## Records for the exercise
*-*-*

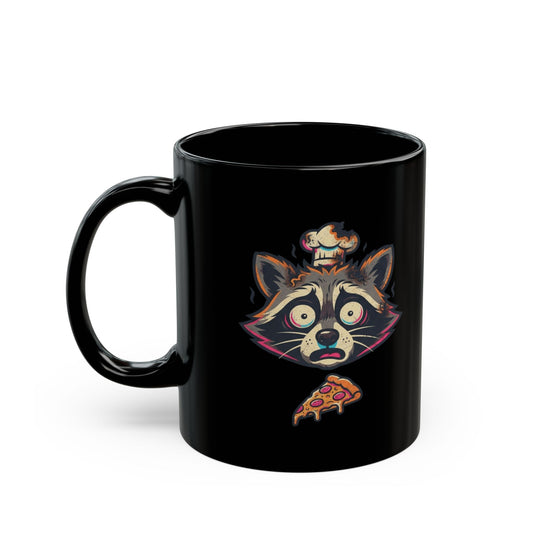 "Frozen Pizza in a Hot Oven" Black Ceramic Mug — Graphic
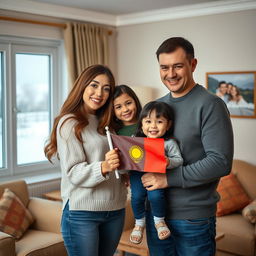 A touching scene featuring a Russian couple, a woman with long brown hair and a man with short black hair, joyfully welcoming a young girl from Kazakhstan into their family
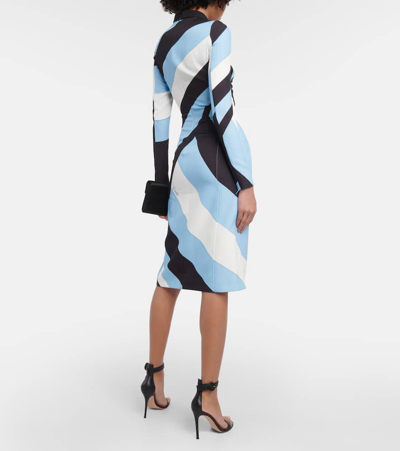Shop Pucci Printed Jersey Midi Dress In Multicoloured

*-*-*

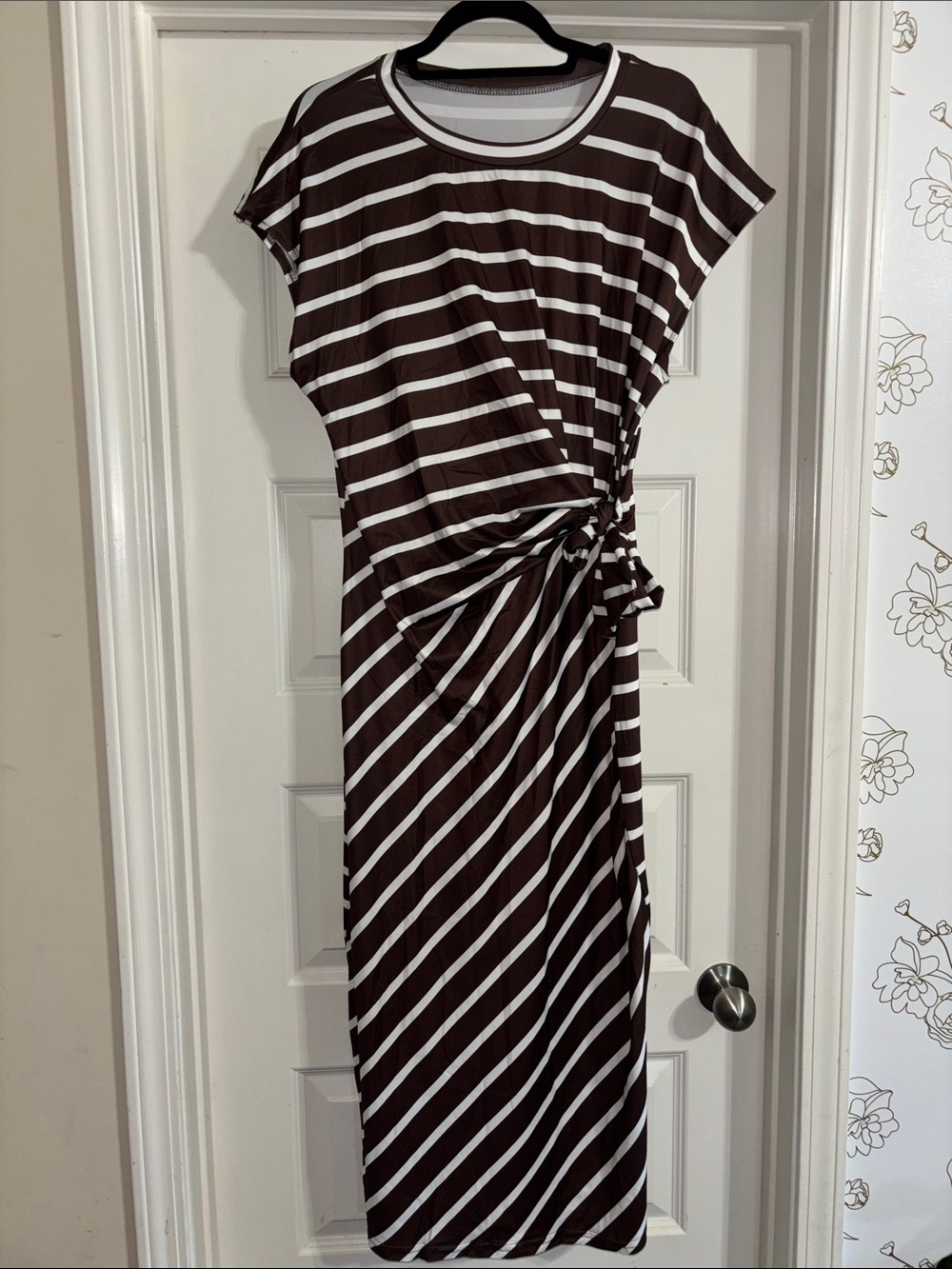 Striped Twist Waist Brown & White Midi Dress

*-*-*

## Problem details
Take the material above and output only the lines from the one that contains "A touching scene" through the one that contains "Shop Pucci Printed", ends included and images left out.

## Solution to this task
 A touching scene featuring a Russian couple, a woman with long brown hair and a man with short black hair, joyfully welcoming a young girl from Kazakhstan into their family
Shop Pucci Printed Jersey Midi Dress In Multicoloured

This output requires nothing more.